For this task, output exactly the lines of the material below starting at the line with "Thumbnail: 2013 Hyundai Genesis - 10" and ending at the line with "Poniéndome pestañas por"; pictures are to be excluded.

[[ ENTRIES PROVIDED open ]]

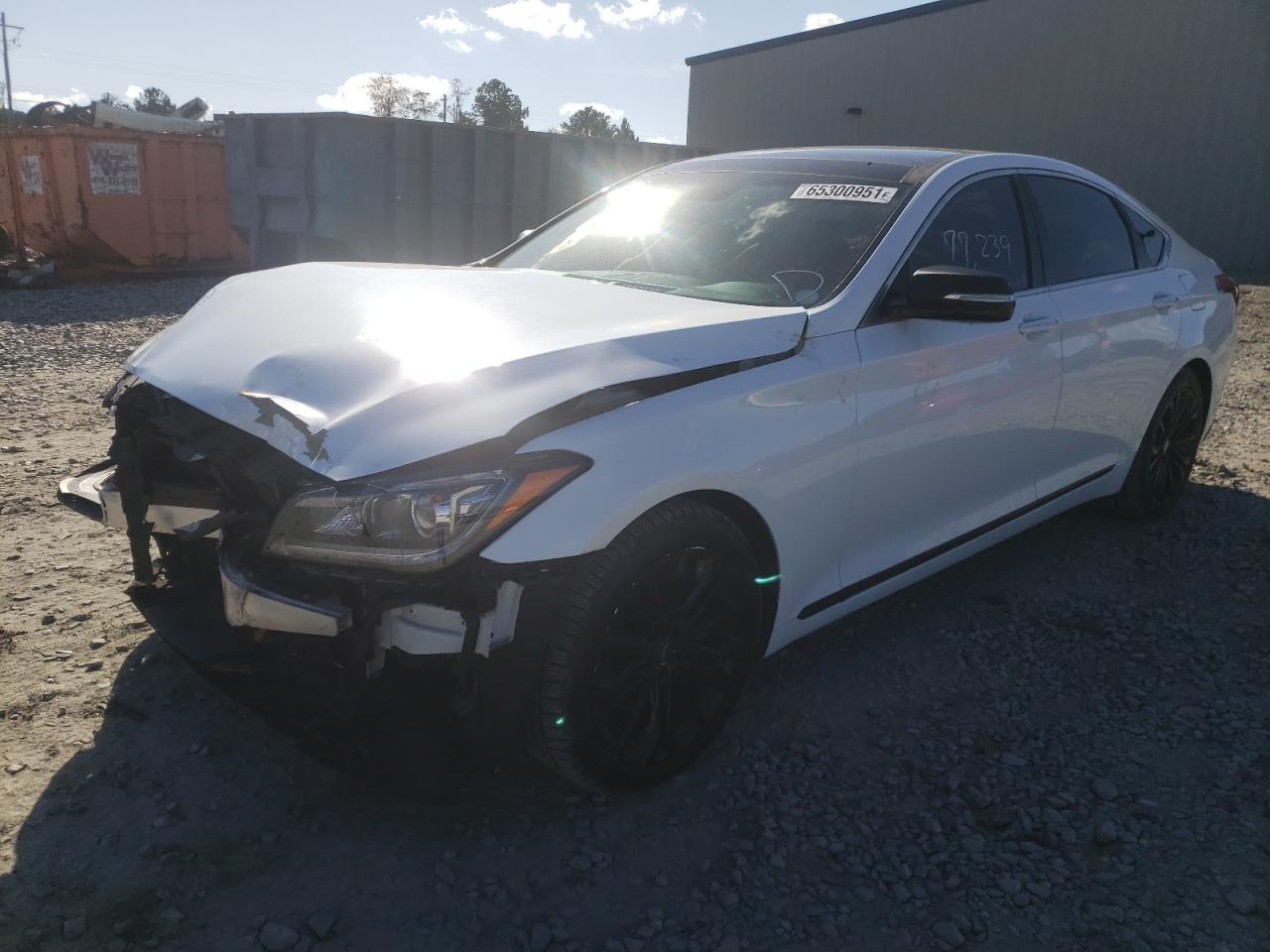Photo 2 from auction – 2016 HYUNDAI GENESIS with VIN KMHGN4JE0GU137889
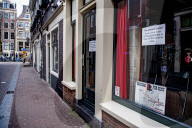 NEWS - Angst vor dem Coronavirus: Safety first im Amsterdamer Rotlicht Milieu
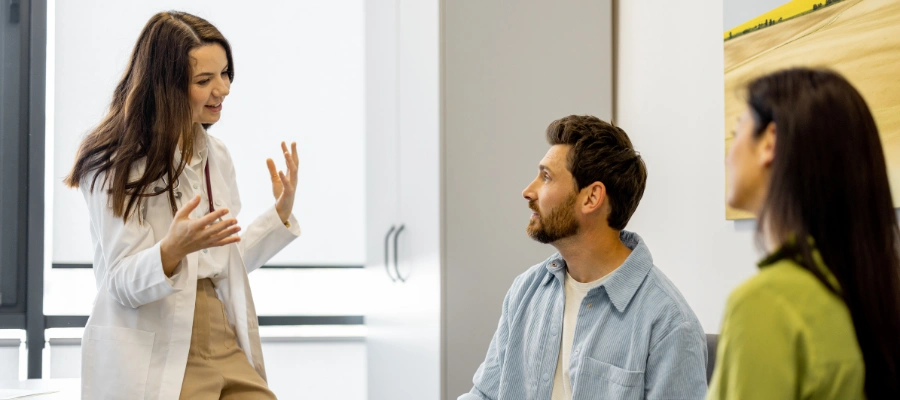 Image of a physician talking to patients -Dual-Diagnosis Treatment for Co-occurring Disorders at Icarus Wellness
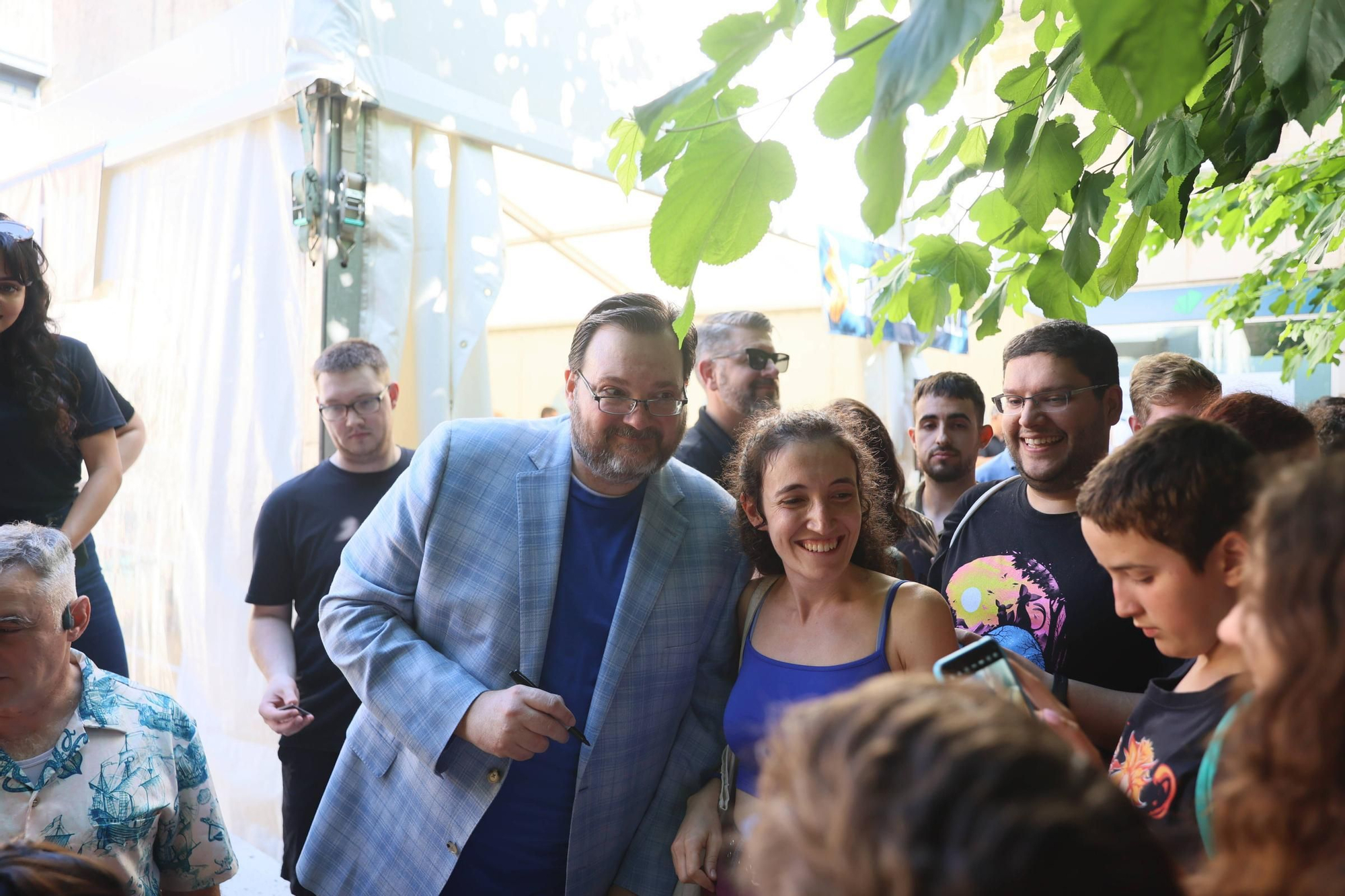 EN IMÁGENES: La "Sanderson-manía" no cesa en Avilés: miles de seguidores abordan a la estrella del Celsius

[[ ENTRIES PROVIDED closed ]]
[[ ENTRIES PROVIDED open ]]

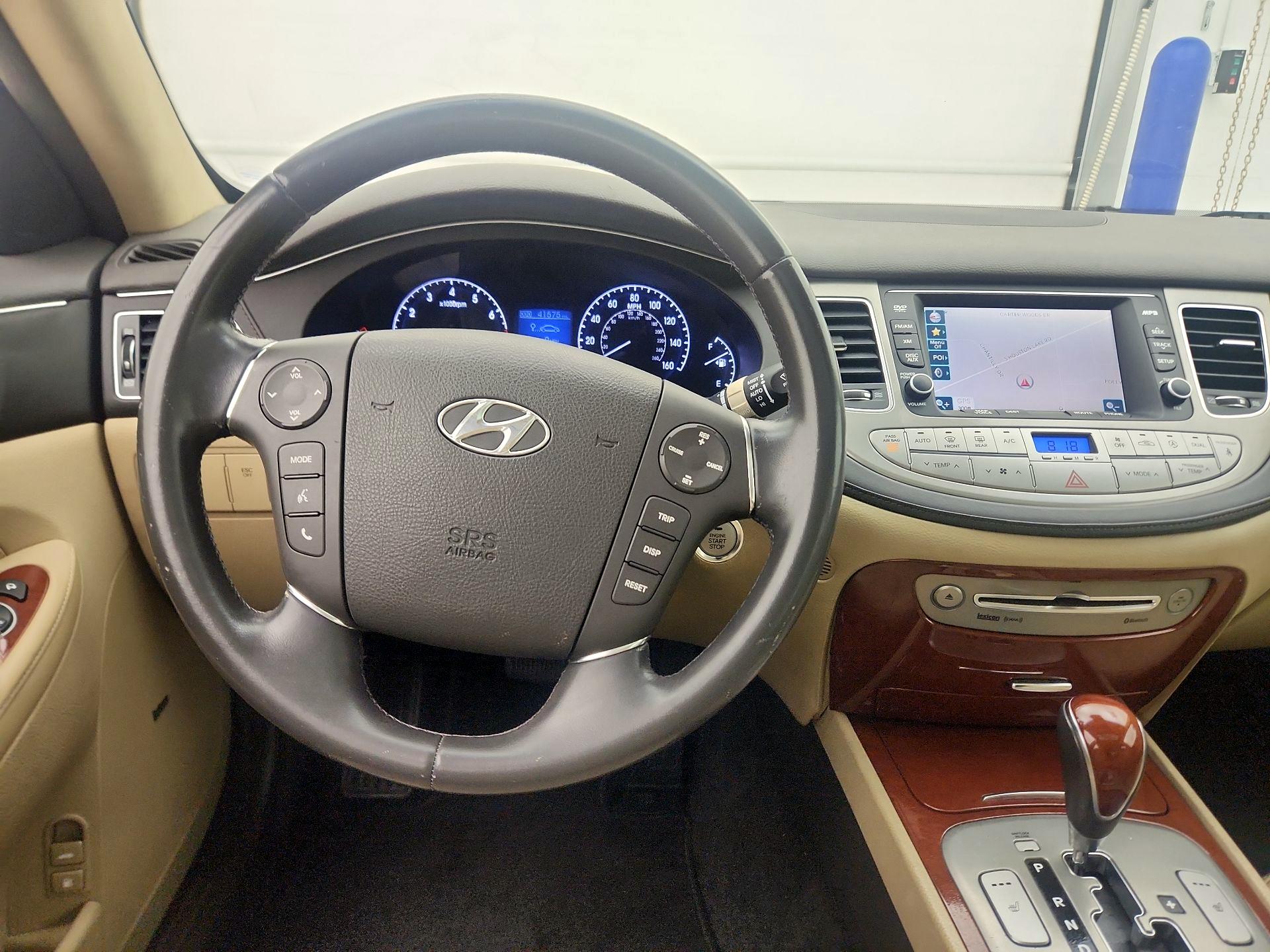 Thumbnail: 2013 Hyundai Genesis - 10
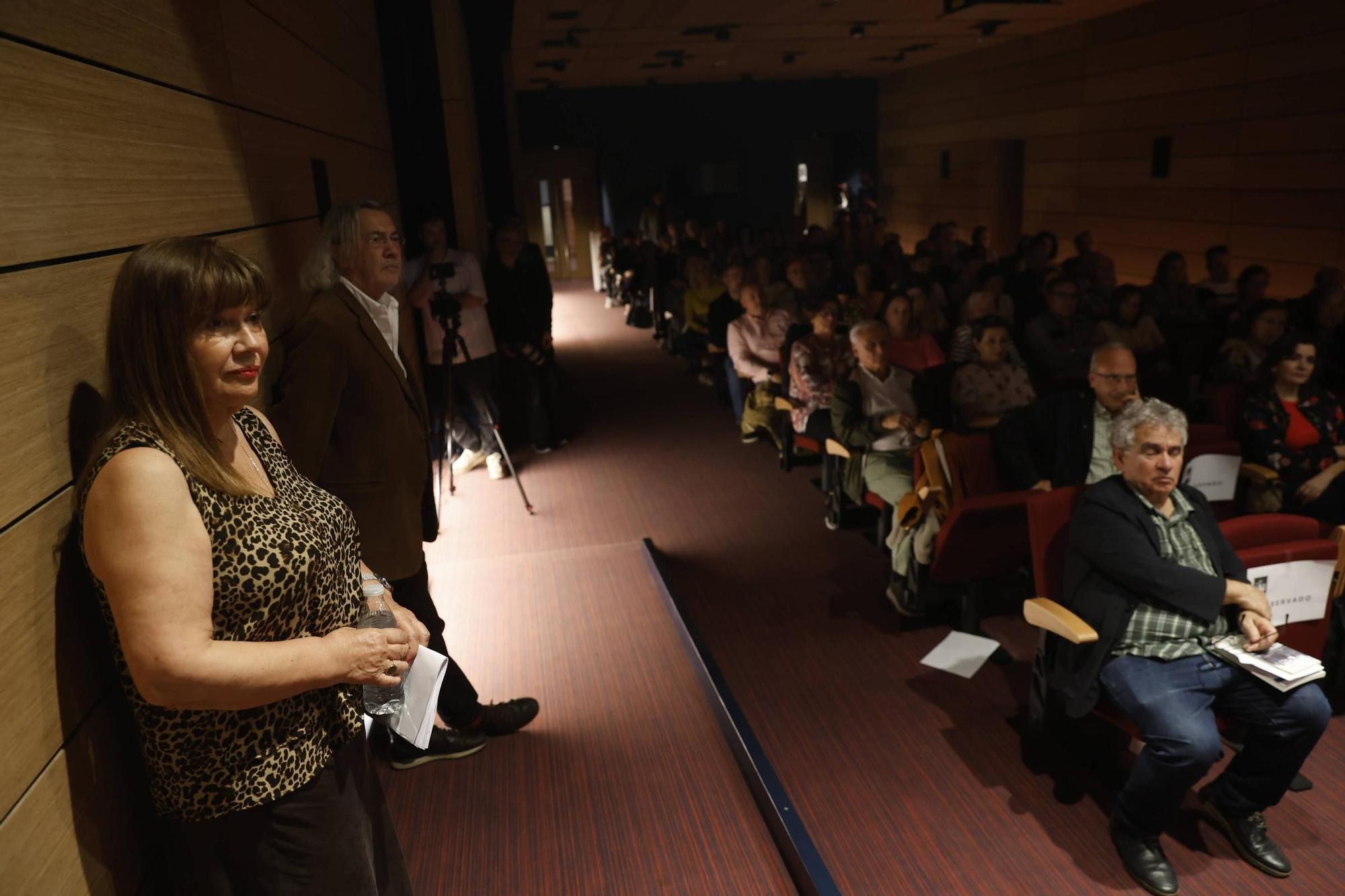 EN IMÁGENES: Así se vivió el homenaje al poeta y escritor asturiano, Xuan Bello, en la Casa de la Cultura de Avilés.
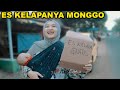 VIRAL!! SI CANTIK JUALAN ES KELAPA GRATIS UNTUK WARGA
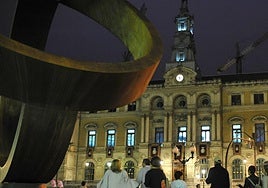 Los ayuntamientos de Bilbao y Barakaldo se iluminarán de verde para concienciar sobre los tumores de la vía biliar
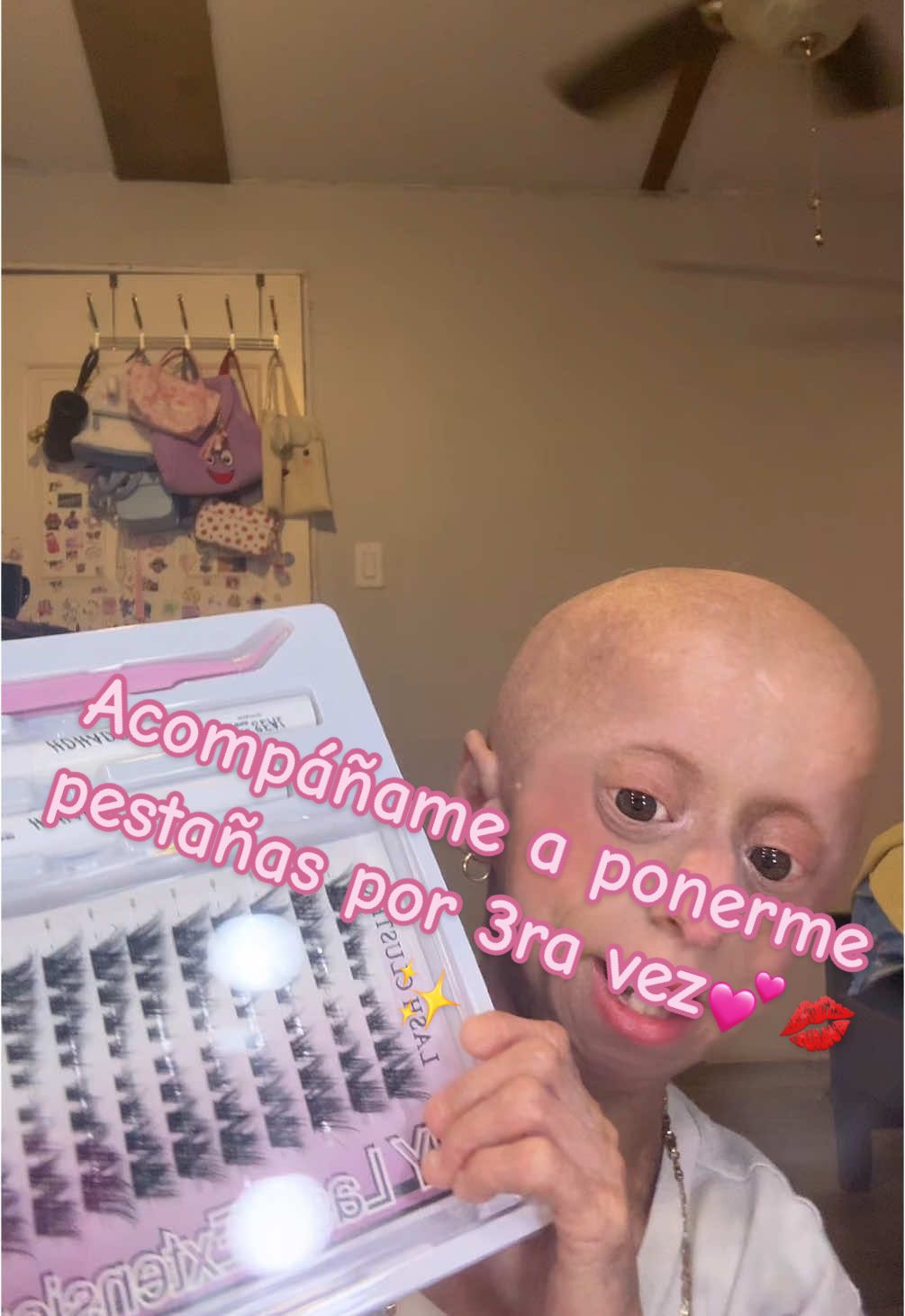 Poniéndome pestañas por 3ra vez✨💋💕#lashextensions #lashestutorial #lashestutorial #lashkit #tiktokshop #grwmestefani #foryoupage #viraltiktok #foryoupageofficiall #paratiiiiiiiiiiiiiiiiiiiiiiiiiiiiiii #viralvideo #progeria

[[ ENTRIES PROVIDED closed ]]

## RESULT OF THE TASK
 Thumbnail: 2013 Hyundai Genesis - 10
 EN IMÁGENES: Así se vivió el homenaje al poeta y escritor asturiano, Xuan Bello, en la Casa de la Cultura de Avilés.
 VIRAL!! SI CANTIK JUALAN ES KELAPA GRATIS UNTUK WARGA
 Los ayuntamientos de Bilbao y Barakaldo se iluminarán de verde para concienciar sobre los tumores de la vía biliar
 Poniéndome pestañas por 3ra vez✨💋💕#lashextensions #lashestutorial #lashestutorial #lashkit #tiktokshop #grwmestefani #foryoupage #viraltiktok #foryoupageofficiall #paratiiiiiiiiiiiiiiiiiiiiiiiiiiiiiii #viralvideo #progeria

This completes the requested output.